Collaborative-Economy
Firmanzah ; Rektor Universitas Paramadina; Guru Besar FEB
Universitas Indonesia
|
KORAN SINDO, 25 Mei 2015
Sampai
saat ini mayoritas dari kita masih beranggapan, efisiensi dan efektivitas
pasar hanya merupakan fungsi dari persaingan dan kompetisi. Hanya dengan
persaingan dan kompetisi, surplus-konsumen dapat dicapai melalui harga yang
semakin murah. Namun, di sisi lain, persaingan yang begitu keras justru
menciptakan kerugian (industrial-loss)
dan praktik-praktik bisnis yang tidak terpuji.

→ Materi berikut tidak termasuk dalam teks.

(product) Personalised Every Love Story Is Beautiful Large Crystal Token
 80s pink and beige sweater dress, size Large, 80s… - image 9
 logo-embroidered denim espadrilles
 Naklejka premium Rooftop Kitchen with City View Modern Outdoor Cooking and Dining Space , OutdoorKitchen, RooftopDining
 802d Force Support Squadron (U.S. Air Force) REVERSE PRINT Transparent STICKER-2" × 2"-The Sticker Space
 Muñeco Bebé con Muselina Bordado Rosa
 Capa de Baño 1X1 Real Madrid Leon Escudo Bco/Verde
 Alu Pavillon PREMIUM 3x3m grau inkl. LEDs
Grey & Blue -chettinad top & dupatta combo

Sementara itu kita sangat
kecilmenaruh perhatian pada skema-skema kolaborasi untuk menciptakan
efisiensi dan efektivitas di pasar.
Harus
diakui mazhab mainstream dalam teori ekonomi dan kebijakan publik masih
terfokus pada the economics of
competition dan cenderung mengabaikan the
economics of collaboration. Padahal pengalaman di berbagai negara maju
seperti Amerika Serikat, Eropa, Jepang, Korea Selatan, dan China, industri
dibangun dan dimajukan tidak hanya melalui mekanisme persaingan, melainkan
juga ditopang oleh bentuk-bentuk kerja sama-kolaboratif industrial.
Oleh
karena itu, sudah saatnya di Indonesia kita juga lebih melihat peluang
pengembangan mindset dan perspektif the
economics of collaboration sebagai pelengkap dari perspektif kompetisi
dan persaingan. Saat ini sering kali kita mudah terjebak pada pemahaman umum
bahwa kolaborasi dan kerja sama industrial akan berujung pada kartel,
kolusif, ataupun stigmatisasi mafia.
Tentunya
hal ini perlu diluruskan karena tidak semua skema kerja sama dan kemitraan
berujung pada hal-hal negatif tersebut. Justru di banyak kasus, melalui skema
kerja sama, kemitraan, atau partnership, suatu aktivitas akan menjadi lebih
produktif.
Secara
teoretis konsep the economics of
collaboration mengacu pada sebuah model ekonomi di mana kepemilikan dan
akses terhadap sebuah project atau sumber daya ekonomi terbagi di antara
instansi pemerintah, perusahaan, asosiasi, perguruan tinggi, LSM, komunitas
atau individu.
Semangat
yang diusung dalam hal ini adalah saling-berbagi sumber daya, kompetensi,
kapabilitas, dan kemampuan dalam sebuah kerangka kerja sama yang produktif.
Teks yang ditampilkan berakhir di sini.